Interestingly, the more one focuses on "work" and characters' work lives the more their private selves seem to emerge. In "Sales," for instance, we see how the characteristics that may have been effective for the protagonist in his job have been utterly harmful in his personal life. For instance, after the salesman, Tom Robson, and his wife, Beth, separate, their son spends only short amounts of time with Tom, and it isn't long before Beth can ask, in an "icy" voice: "So tell me. When you're with him, those weekends, you think it's work, don't you. Like he's customer. What is it you think you're selling him, exactly?"11 The reader ultimately may judge that Tom Robson seems destined for early retirement as a father, too.

And in our own work, and in our students', it may become more difficult to separate characters' personal dreams, conflicts, wants, wishes, and worries from the situations that face them in the studio, at the desk, in the field, as they must manage child care, in negotiating demands from bosses, in weighing decisions to relocate. It's an exciting development, discovering such new complexities in characters' selves-and quite likely revisiting other memorable characters and stories from our own reading pasts, with renewed appreciation.


Erika Dreifus (MFA., PhD) has taught fiction workshops emphasizing character development through "work" at the Harvard Extension School and at the Cambridge Center for Adult Education. Her own stories and essays have appeared in Lilith , Teachers & Writers , Women in Judaism: Contemporary Writings , and elsewhere.

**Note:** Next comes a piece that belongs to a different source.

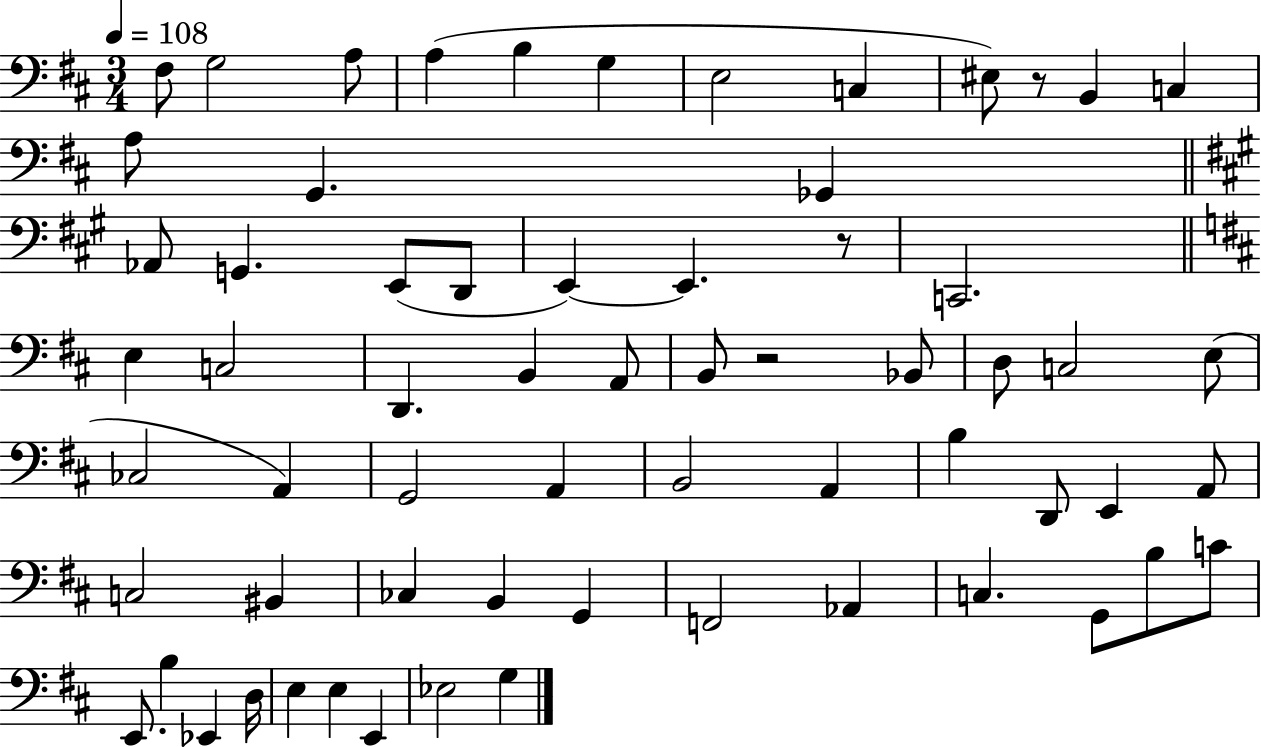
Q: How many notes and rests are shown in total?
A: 64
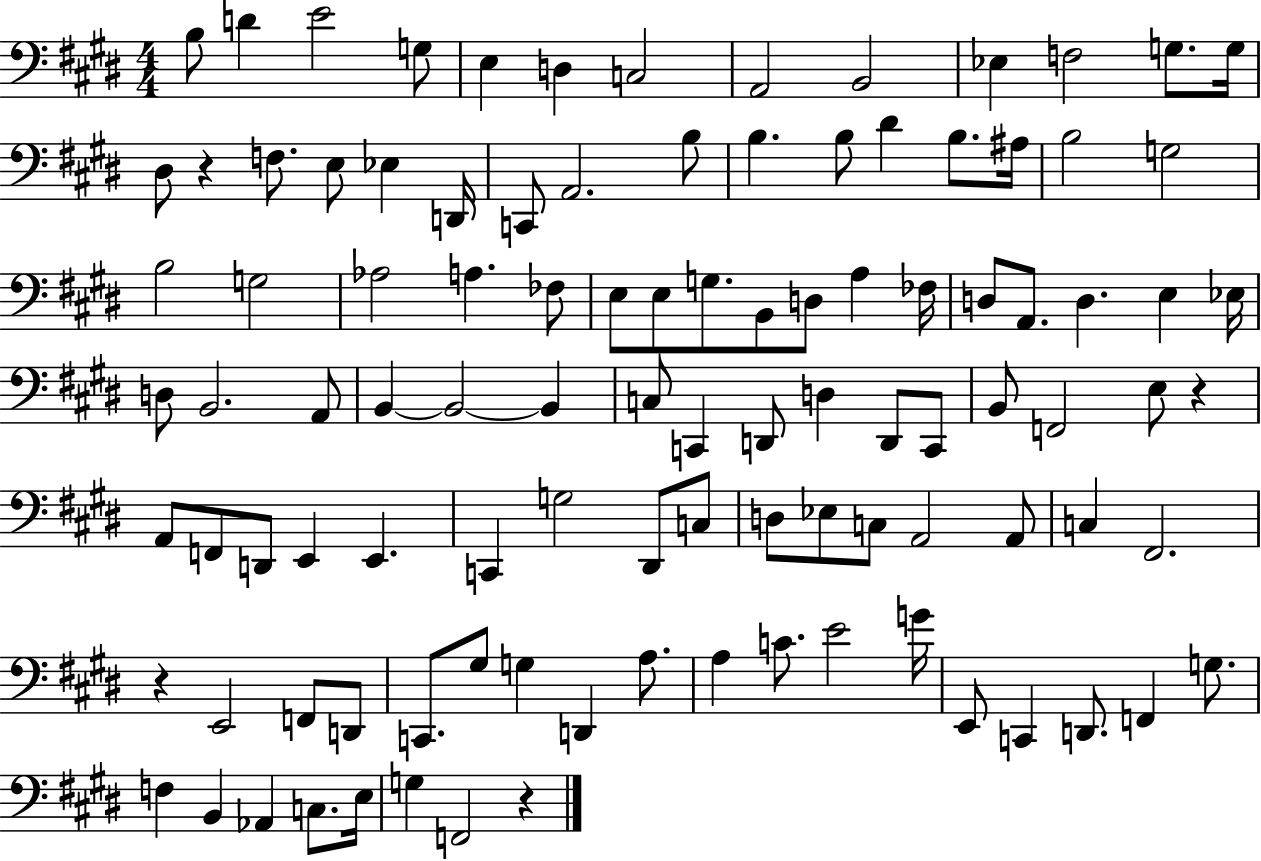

  1. An earlier version of this article appeared in the Oregon English Journal 24.1 (spring 2002): 27-29. I am grateful for the opportunity to continue to develop this topic in a panel presentation, "Power and Pleasure in the Fictional Workplace," at the AWP Conference in Baltimore in Feb. 2003; this article stems directly from that presentation.
  2. Erik Erikson, Childhood and Society (New York: W.W. Norton, 1963), 264-65. Emphasis added.
  3. James Baldwin, "Sonny's Blues," in The Story and Its Writer: An Introduction to Short Fiction , ed. Ann Charters, 6th edition (Boston: Bedford/St. Martin's, 2003), 84.
  4. Raymond Carver, "What We Talk About When We Talk About Love," in The Story and Its Writer , 252.
  5. Gustave Flaubert, "A Simple Heart," in The Story and Its Writer , 522.
  6. Zora Neale Hurston, "Sweat," in The Story and Its Writer , 664-665.
  7. Amy Tan, "Two Lives," in The Story and Its Writer , 1278.
  8. Elizabeth Strout, Amy & Isabelle (New York: Vintage, 1998), 6-7.
  9. Strout, 14-15.
  10. Peter Ho Davies, "Sales," in Equal Love (Boston: Mariner, 2000), 107.